Moreover, the Court of Appeals has recently reiterated the well-established principal that an owner "may not escape strict liability as an owner based on its lack of notice or control over the work ordered by its tenant." Sanatass v. Consolidated Investing Co., Inc. , 10 NY3d 333 (2008). In Sanatass, the Court held that the: "[property owner] Consolidated seeks to avoid liability under Labor Law § 240 (1) by contending that it is not an "owner" for the purposes underlying the statute. Relying on its lack of knowledge of plaintiff's work, undertaken at the behest of the tenant, Consolidated asks us to import a notice requirement into the Labor Law or, conversely, create a lack-of-notice exception to owner liability. But our precedents make clear that so long as a violation of the statute proximately results in injury, the owner's lack of notice or control over the work is not conclusive — this is precisely what is meant by absolute or strict liability in this context . . . We have made perfectly plain that even the lack of "any ability" on the owner's part to ensure compliance with the statute is legally irrelevant (see Coleman, 91 NY2d at 823)." Sanatass v. Consolidated Investing Co., Inc. , 10 NY3d 333 (2008). Even an out-of-possession premises owner is "liable under § 240(1) notwithstanding its out-of-possession status and asserted lack of active negligence in connection with plaintiff's injury." Mennis v. Commet 380, Inc. , 54 AD3d 641 (1st Dept. 2008).

— ANKER was not an "agent for such work"

To determined whether ANKER, the building's managing agent, should be dismissed from this case requires an analysis of whether it is an "agent for such work" within the meaning of Labor law 241(6).

In a recent case, the First Department explained when a managing agent of a cooperative apartment building can be held liable on a plaintiff's claim under the Labor Law: "Statutory agency turns on the authority to supervise and control the employee . . . and "[o]nly upon obtaining the authority to supervise and control does the third party fall within the class of those having nondelegable liability as an agent under sections 240 and 241" (Russin v Louis N. Picciano Son, 54 NY2d 311, 318, 429 NE2d 805, 445 NYS2d 127)." Voultepsis v. Gumley-Haft-Klierer, Inc., 2009 NY Slip. Op. 1919, 1 (1st Dept.
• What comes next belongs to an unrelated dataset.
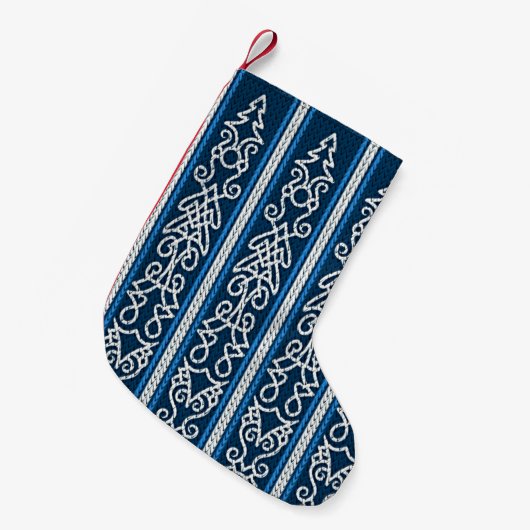 Viking Pattern Blau Kleiner Weihnachtsstrumpf (Vorderansicht (hängend))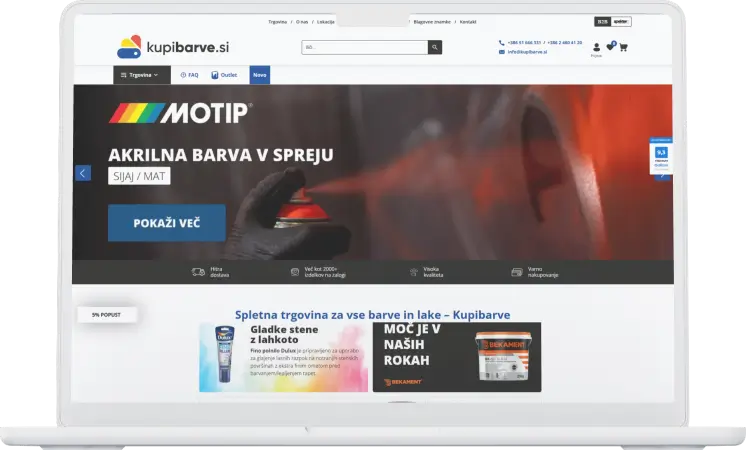 KupiBarve - primer izdelane spletne strani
March 2009).

The evidence presented herein as to the "oversight and control of the work" is that it was Plaintiff's employer, Dominic Marchese who "explained [to VALDOVINOS] what [work he] had to do", who checked Plaintiff's work while he was there in the subject apartment, and who provided Plaintiff's tools, including the subject table saw (VALDOVINOS EBT, p. 24-27). The building's managing agent did not have a role in monitoring this renovation project, and never even entered the apartment in connection with the work. (Ferrara EBT, p. 36).

Under the circumstances, ANKER's motion to dismiss the Labor Law 241(6) claims is granted. The remainder of ANKER's motion, which seeks indemnification against BEAUDIN is deemed moot.

SHORE ROAD's Indemnification Claim Against BEAUDIN

In the event that SHORE ROAD is found liable to Plaintiff pursuant to the Labor Law 241(6) claim, SHORE ROAD seeks indemnification from BEAUDIN. It is not disputed that SHORE ROAD would be entitled to indemnification to the extent of the policy limits of BEAUDIN's Allstate insurance policy; and, to this extent, this portion of SHORE ROAD's motion is granted, without opposition.

In sum, Defendant SHORE ROAD's motion for summary judgment is denied with respect to Plaintiff GERARDO VALDOVINOS' Labor Law 241(6) cause of action. The remainder of SHORE ROAD's motion is granted without opposition. However, ANKER is granted summary judgment and this action is dismissed against ANKER.

This constitutes the decision and order of this Court.